# Problem Statement



### K largest from an array of size n in n log k

Given an (unsorted) array of n elements, return the largest k elements.
- Simplistic, obvious approach? (n log n)
- You are asked to do it in (n log k).
- You will not get full marks if your code's runtime is not O(n log k).
- To clarify any misunderstanding on the correct parameters, here is the functions signature. Fill-in the blanks.

def largest_k(a,k=1):
    """a is an array of n elements. We return an array of the k largest."""
    return b

## General Idea

We create a min-heap of size 'k' and add or don't add the element a[i] into the heap. The smallest element in the heap is at position 1. So we compare every element in the array with the heap at position 1, and add to the heap depending on the comparison. Then we return the heap which would contain the largest 'k' elements of the array. 

## Code 

In [1]:
# functions for min-heap to work


def new_heap(n):
    return [0]+[0]*n


# Inserting element e into min-heap a at the end
def insert(a, e):
    a[0] = a[0] + 1
    a[a[0]] = e
    min_heap_fix_up(a,a[0])


# Fix up from position i to restore min-heap property of heap a
def min_heap_fix_up(a, i):
    while i > 1:
        p = i // 2
        # determines if heap is max-heap or min-heap
        #       \/
        if a[p] > a[i]:
            a[p],a[i] = a[i],a[p]
            i = p
        else:
            return


# remove the top element and fix the rest of the heap from that point
def extract_first(a):
    e,a[1],a[0] = a[1],a[a[0]],a[0]-1
    min_heap_fix_down(a,1)
    a[a[0]+1]=0
    return e


# starting from i, go down and fix the heap by swapping parent and child
def min_heap_fix_down(a, i):
    while 2*i <= a[0]:
        c = 2*i
        if c+1 <= a[0]:
            # switch to the smaller of the two children
            if a[c+1] < a[c]:
                c = c+1
        # if the child is smaller then swap with parent
        if a[i] > a[c]:
            a[i],a[c] = a[c],a[i]
            i = c
        else:
            return

In [2]:
def largest_k_heap(a,k=1):
    # create heap and add elements to heap
    h = new_heap(k)
    for i in range(len(a)):
        # if the heap is full
        if h[0] == k:
            if a[i] > h[1]:
                h[1] = a[i]
                min_heap_fix_down(h, 1)     

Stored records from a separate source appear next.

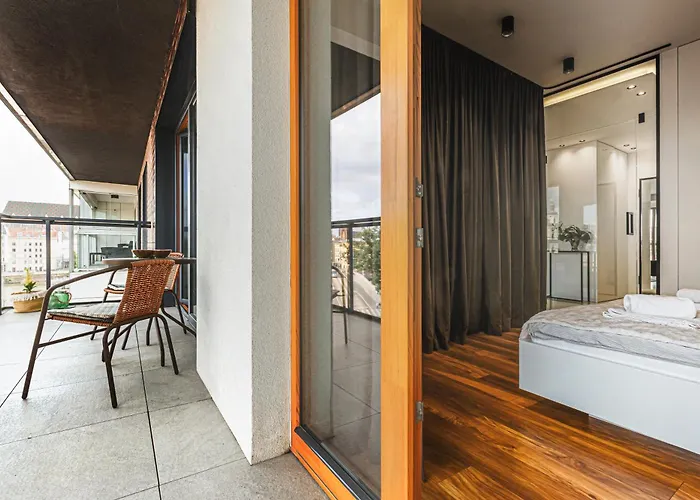 Luksusowy Z Parkingiem W Samym Centrum Wroclawia Wrocław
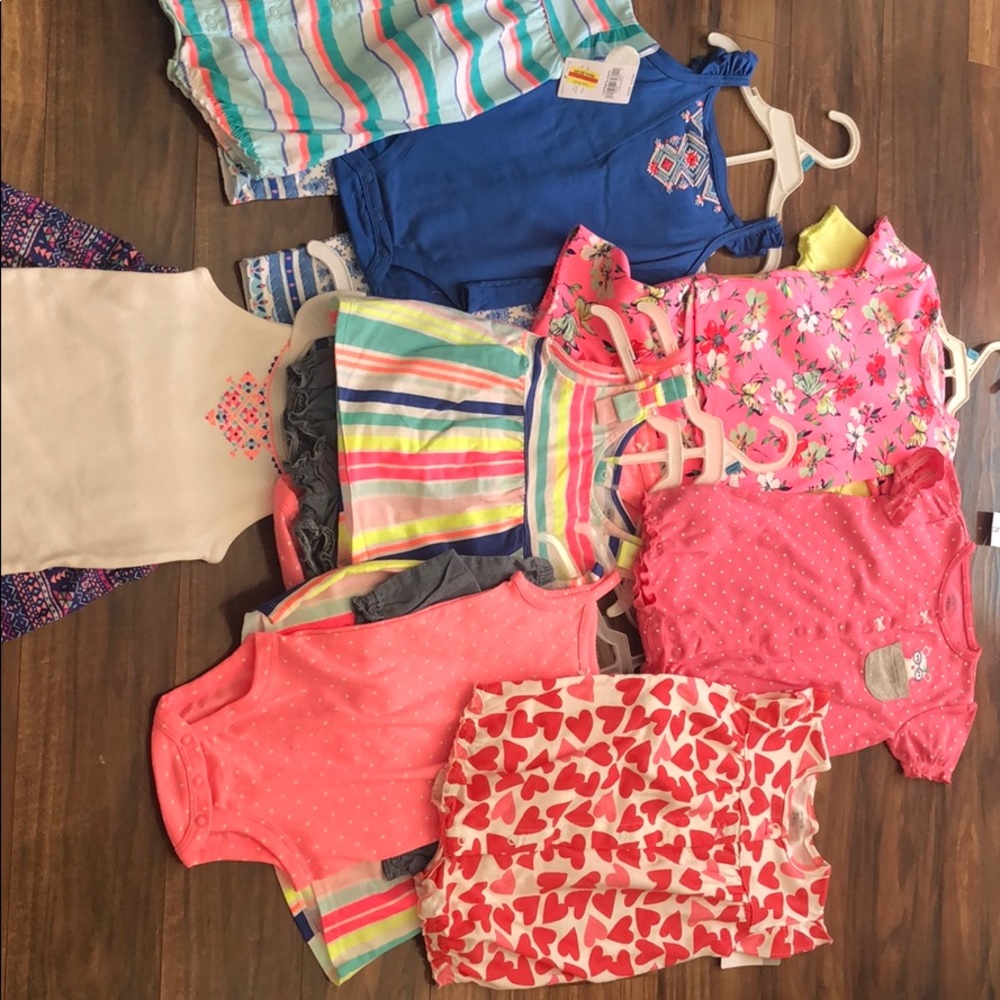 New with tags Carter’s 24 mos lot.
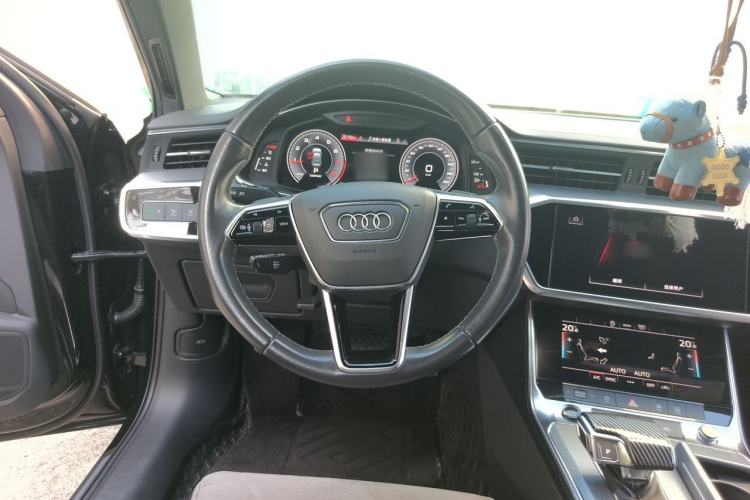 Used Audi A6L 2021 40 TFSI Luxury Dynamic Edition Steering Wheel
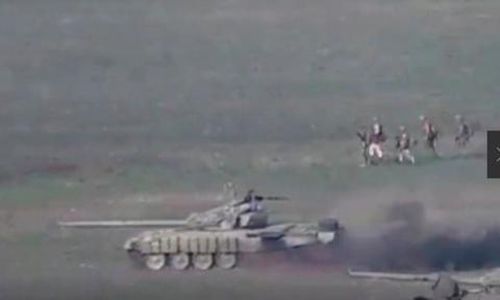 Đội xe tăng của Azerbaijan tấn công khu vực Nagorno-Karabakh ngày 27-9 - Ảnh: Reuters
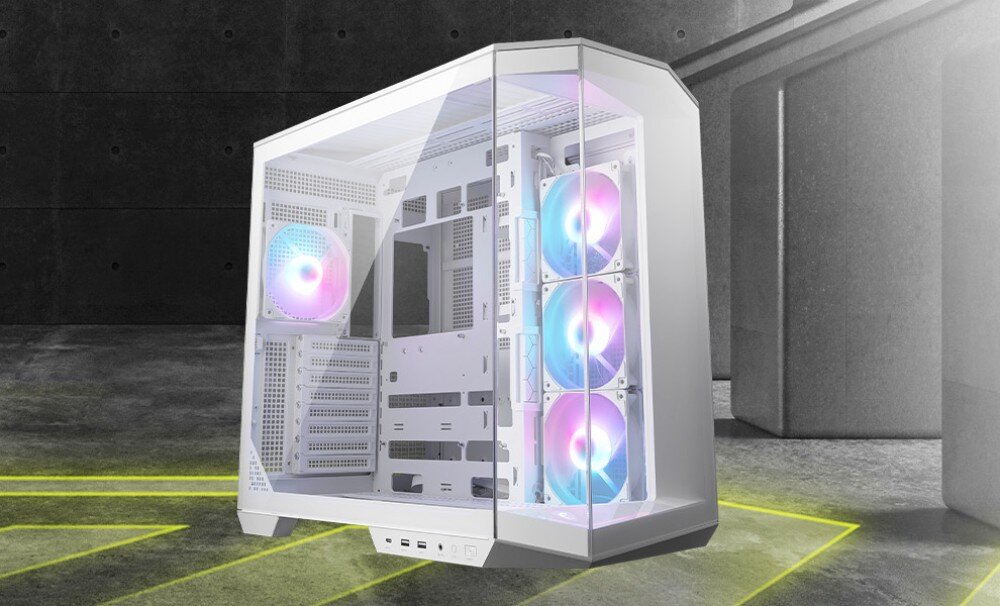 Komputer MAD DOG GeForce RTX5070Ti DLSS 4 Reflex Edition 2 PANO-100R-WH-02WR32WH Biała przeszklona obudowa komputerowa ukazująca wnętrze z podświetlonymi wentylatorami stojąca na szarym tle z żółtymi liniami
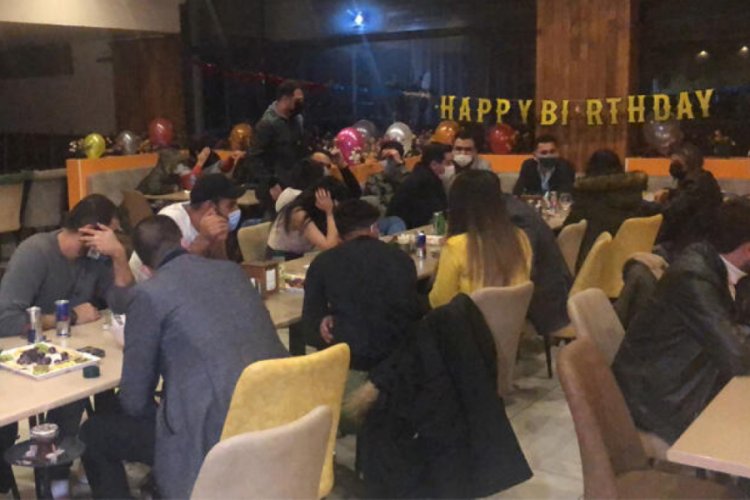 Ka&ccedil;ak partiye baskın! Savunmaları 'pes' dedirtti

        # if the heap is not full
        else:
            insert(h, a[i])

    # return largest k by returning the heap sorted
    b = [None]*k
    for j in range(k-1, -1, -1):
        b[j] = extract_first(h)
    
    return b

## Tests

In [3]:
import random
test_results = []
for _ in range (1000):
    a = random.sample(range(1, 100), random. randint(5, 20))
    k = random. randint(1, len(a))
    test_results.append(all(x in sorted(a)[-k:] for x in largest_k_heap(a, k)))
print(all(test_results))

True


## Proof of Correctness

The outer for loop goes through every element 'i' in the array 'a'. The element is either added or not added to the min-heap of size 'k'. If the element is smaller than the smallest value in the heap (the value at position 1), then it is not added to the heap. 

If the element is larger than or equal to the smallest value, and the heap size is smaller than k, then the element will be inserted at the end of the heap and heapify. If the heap is full, the smallest vlaue will be replaced by the element and the heap will re-heapify.

After the for loop, the largest 'k' elements will be in the heap and the heap can be read from smallest to largest by extracting the first element over and over until the heap runs out. 

## Runtime

The heap structure is a binary tree. So the worst case for inserting an element into the heap is to traversing the whole heap top-to-bottom (or bottom-to-top) which takes log_base2(len(heap)). Since the size of the heap is fixed to 'k', Inserting should take log(k). 

If we go through the entire array 'a' of length 'n', and worst case scenario insert every element, the final runtime would be 
O(n log(k)).